2. ## Re: geometry question

It looks as though you have made a very good start on this problem. You do not actually need to show that the "square in the middle" (which I assume is the thing with the blue diagonals) is a square. It will be sufficient to show that it is a rhombus, because the diagonal of a rhombus intersect at right angles. To do that, prove that the red triangles are congruent (two sides, included angle).

In fact, it certainly seems to be true that the "square in the middle" really is a square, but I don't offhand see how to prove that.

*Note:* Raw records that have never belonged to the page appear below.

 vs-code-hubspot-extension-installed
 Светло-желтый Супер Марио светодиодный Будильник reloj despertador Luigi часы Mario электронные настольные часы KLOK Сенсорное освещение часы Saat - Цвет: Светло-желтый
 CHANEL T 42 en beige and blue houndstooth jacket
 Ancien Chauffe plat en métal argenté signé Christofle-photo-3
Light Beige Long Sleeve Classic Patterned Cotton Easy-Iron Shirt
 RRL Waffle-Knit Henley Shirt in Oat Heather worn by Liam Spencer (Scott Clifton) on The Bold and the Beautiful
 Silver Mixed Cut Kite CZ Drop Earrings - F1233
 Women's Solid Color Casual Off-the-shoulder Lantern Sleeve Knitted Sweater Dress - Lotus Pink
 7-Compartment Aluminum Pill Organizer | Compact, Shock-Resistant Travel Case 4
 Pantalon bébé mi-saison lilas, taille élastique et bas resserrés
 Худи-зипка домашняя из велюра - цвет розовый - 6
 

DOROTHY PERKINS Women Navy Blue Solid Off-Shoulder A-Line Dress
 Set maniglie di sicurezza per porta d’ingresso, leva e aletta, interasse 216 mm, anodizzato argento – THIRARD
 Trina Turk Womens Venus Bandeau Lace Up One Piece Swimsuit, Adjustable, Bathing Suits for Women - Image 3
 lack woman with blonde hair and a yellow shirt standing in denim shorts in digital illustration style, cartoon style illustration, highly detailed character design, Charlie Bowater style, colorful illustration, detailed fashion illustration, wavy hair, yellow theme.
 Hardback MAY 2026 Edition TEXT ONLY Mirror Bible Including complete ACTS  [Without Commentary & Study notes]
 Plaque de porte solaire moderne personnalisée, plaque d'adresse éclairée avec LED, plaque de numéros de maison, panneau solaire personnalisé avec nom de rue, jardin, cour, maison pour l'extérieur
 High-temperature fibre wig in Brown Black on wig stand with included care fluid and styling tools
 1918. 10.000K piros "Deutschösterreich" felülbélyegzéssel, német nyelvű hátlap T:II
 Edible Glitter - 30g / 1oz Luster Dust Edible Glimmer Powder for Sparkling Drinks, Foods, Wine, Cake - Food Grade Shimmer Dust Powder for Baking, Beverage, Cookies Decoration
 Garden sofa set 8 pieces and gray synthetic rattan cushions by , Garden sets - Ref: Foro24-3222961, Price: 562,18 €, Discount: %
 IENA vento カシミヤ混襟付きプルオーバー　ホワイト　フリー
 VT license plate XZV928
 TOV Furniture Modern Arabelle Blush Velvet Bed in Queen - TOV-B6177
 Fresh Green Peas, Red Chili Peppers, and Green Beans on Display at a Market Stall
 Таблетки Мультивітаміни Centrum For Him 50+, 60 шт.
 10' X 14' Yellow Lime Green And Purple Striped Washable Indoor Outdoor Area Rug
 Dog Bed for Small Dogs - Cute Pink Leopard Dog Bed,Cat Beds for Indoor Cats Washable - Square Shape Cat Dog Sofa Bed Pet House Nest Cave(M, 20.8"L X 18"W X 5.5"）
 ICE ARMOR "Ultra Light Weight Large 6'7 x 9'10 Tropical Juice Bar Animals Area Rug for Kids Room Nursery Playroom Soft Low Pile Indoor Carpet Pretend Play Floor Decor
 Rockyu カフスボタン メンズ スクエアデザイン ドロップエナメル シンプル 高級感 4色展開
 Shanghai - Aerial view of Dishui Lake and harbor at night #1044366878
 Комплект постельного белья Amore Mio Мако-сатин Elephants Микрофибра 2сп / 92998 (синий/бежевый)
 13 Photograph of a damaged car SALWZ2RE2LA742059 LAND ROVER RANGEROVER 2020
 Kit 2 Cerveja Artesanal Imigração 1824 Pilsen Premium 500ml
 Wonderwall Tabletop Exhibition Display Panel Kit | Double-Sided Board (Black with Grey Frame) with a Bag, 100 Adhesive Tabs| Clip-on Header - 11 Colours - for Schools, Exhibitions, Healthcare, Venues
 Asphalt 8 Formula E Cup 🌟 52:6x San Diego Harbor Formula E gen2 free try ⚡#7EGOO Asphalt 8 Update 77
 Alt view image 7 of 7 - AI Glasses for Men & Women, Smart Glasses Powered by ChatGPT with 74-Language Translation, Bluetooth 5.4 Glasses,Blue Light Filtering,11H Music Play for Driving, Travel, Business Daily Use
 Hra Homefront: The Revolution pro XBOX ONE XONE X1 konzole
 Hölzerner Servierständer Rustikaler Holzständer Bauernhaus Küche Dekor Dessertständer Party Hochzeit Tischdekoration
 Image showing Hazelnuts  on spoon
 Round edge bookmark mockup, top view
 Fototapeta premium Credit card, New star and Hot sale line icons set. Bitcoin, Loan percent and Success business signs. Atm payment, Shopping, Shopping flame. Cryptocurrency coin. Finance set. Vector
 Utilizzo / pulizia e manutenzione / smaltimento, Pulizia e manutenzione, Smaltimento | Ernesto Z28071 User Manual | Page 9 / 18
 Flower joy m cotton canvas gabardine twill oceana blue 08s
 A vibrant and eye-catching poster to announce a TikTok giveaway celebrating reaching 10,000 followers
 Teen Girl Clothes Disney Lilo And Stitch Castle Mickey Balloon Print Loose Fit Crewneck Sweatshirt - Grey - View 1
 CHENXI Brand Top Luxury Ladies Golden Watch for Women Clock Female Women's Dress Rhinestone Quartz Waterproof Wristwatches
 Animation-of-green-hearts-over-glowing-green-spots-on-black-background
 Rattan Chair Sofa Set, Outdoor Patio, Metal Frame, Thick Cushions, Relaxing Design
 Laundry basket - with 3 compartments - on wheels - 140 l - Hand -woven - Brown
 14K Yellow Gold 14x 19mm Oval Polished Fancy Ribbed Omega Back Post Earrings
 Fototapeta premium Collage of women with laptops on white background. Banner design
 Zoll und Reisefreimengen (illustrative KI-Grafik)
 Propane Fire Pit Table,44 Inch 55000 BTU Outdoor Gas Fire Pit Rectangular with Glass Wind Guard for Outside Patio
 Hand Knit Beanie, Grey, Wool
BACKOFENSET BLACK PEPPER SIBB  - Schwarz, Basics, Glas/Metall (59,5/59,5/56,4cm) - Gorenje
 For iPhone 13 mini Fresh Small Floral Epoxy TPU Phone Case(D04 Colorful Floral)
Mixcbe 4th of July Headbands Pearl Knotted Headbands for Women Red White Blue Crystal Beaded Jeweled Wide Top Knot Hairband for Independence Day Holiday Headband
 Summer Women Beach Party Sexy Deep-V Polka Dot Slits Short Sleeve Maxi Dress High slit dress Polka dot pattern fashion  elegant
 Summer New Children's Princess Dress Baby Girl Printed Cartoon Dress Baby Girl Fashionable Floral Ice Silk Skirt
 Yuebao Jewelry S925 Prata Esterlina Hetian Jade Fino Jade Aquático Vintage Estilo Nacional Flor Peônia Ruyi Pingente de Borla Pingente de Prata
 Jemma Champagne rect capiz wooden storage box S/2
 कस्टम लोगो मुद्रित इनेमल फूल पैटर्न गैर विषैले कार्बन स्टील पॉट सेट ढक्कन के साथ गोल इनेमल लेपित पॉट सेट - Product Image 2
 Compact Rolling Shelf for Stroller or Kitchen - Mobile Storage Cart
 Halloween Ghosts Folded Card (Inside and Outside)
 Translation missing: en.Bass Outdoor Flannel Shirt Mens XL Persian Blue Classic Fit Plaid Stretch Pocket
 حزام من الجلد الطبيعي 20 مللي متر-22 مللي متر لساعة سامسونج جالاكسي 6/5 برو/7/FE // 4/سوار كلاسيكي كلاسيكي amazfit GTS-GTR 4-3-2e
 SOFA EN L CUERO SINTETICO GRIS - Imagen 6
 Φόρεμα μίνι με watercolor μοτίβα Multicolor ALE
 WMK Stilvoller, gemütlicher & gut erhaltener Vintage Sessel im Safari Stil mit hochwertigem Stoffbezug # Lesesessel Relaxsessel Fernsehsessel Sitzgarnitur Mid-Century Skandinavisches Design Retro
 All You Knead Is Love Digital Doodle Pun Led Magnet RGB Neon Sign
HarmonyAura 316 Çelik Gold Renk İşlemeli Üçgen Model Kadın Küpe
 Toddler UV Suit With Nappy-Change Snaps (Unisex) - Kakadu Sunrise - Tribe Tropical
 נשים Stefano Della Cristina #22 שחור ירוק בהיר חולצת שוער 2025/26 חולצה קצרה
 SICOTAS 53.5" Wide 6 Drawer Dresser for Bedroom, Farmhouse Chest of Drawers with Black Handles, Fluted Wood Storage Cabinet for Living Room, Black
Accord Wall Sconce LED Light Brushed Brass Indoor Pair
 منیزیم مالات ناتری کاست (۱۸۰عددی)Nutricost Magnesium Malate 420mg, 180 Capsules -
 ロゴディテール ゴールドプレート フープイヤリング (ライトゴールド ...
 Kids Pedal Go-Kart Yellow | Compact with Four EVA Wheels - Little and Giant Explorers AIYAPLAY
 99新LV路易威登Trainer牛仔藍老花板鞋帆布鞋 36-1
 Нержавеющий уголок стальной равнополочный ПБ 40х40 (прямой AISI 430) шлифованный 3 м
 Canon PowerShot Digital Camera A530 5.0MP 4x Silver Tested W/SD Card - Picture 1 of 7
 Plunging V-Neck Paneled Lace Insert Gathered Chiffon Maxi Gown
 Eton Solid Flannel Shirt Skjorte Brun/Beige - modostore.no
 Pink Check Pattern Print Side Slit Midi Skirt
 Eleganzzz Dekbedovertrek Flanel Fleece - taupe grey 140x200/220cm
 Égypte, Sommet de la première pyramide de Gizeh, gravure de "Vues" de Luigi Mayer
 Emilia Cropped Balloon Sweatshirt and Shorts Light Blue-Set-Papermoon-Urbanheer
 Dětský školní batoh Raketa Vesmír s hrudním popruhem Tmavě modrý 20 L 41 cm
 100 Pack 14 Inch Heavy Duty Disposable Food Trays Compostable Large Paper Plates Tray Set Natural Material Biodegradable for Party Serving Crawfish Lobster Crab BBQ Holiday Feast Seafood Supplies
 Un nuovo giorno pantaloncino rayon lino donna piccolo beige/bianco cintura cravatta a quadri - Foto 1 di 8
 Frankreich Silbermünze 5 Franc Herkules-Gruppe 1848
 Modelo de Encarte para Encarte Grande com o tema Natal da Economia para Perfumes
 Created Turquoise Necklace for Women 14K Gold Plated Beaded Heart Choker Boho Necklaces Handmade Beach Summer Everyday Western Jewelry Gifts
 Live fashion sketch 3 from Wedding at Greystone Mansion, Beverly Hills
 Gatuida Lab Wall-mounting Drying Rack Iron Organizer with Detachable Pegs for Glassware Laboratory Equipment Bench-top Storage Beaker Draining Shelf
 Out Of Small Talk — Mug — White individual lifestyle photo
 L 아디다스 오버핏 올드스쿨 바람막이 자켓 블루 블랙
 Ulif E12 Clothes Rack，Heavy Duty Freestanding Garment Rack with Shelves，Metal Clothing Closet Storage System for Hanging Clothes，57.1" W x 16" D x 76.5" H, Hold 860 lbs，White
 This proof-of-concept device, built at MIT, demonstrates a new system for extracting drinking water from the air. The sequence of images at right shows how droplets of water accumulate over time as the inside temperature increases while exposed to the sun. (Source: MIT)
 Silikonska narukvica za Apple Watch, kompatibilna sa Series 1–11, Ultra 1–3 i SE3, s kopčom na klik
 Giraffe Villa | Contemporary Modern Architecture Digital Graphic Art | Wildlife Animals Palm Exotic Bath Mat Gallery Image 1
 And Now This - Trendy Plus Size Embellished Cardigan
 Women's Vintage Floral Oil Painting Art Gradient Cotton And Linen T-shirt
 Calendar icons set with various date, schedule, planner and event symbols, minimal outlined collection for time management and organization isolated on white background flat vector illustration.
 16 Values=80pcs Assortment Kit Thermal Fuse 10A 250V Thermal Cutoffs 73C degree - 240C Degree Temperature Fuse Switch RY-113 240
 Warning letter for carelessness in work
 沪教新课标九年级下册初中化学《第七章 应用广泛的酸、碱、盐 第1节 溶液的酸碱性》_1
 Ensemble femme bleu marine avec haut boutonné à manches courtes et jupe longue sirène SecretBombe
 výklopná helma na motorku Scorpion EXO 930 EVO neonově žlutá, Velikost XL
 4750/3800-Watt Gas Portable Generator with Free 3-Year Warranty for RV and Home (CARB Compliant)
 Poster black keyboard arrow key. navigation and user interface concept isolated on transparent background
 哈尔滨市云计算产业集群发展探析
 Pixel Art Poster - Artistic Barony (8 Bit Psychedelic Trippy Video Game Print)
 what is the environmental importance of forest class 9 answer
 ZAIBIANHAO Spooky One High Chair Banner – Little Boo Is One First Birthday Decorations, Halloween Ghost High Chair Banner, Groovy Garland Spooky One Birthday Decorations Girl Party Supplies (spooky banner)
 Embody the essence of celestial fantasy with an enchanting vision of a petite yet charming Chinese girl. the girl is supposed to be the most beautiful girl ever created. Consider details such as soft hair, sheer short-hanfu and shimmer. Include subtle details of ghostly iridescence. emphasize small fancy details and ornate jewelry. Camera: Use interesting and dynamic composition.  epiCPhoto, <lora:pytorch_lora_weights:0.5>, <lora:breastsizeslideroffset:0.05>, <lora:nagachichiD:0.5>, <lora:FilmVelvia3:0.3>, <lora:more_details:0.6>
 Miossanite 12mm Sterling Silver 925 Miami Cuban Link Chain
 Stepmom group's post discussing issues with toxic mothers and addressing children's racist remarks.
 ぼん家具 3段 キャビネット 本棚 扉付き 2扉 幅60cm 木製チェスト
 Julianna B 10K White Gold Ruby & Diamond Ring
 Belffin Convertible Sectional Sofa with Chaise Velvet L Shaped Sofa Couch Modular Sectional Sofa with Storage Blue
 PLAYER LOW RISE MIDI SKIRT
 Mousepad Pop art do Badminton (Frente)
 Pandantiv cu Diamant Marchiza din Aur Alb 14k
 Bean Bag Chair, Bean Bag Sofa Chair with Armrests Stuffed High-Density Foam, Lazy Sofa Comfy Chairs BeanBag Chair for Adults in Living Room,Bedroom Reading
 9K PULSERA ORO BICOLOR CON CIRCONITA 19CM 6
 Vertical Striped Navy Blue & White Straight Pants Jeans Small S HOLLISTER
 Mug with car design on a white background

3. ## Re: geometry question

hey
thank you for the help
i found a way to show that this is a square:

if you can prove that the triangles are congruent (I couldnt find how to prove that one of the angles are even)
you can see that there is a right angle in the middle and then by reducing angle and adding it again you can find that the square has a right angle and then the question is solved!
but i cant find the angle so ill be glad if you write the angle you were talking about and how to prove that offcourse
thank you!!!

4. ## Re: geometry question

Originally Posted by omer20
i found a way to show that this is a square:

if you can prove that the triangles are congruent (I couldnt find how to prove that one of the angles are even) you can see that there is a right angle in the middle and then by reducing angle and adding it again you can find that the square has a right angle and then the question is solved!
Very nice!

Originally Posted by omer20
but i cant find the angle so ill be glad if you write the angle you were talking about and how to prove that offcourse
Look at the obtuse angle in the two triangles. In each case it consists of three parts. Two of these parts are 45º angles (the angle between the side of a square and the diagonal). The part in the middle, in the left red triangle, is the acute angle of the parallelogram. In the right red triangle, you can see (from the fact that all the angles at that point add up to 360º) that the part in the middle is the supplement of the obtuse angle of the parallelogram, and is therefore equal to the acute angle of the parallelogram.

5. ## Re: geometry question

thank you very much problem solved!!!

6. ## Re: geometry question

Here's another solution which i think is simpler.

$K$ is mid-point of $BP$. $L$ is mid point of $CQ$. $D$ is mid-point of $BC$.

this gives $|CP|=2|DK|, \, |BQ|=2|DL|.$.
Its easy to see that $\Delta PAC \cong \Delta BAQ \Rightarrow |BQ|=|CP| \Rightarrow |DK|=|DL|$.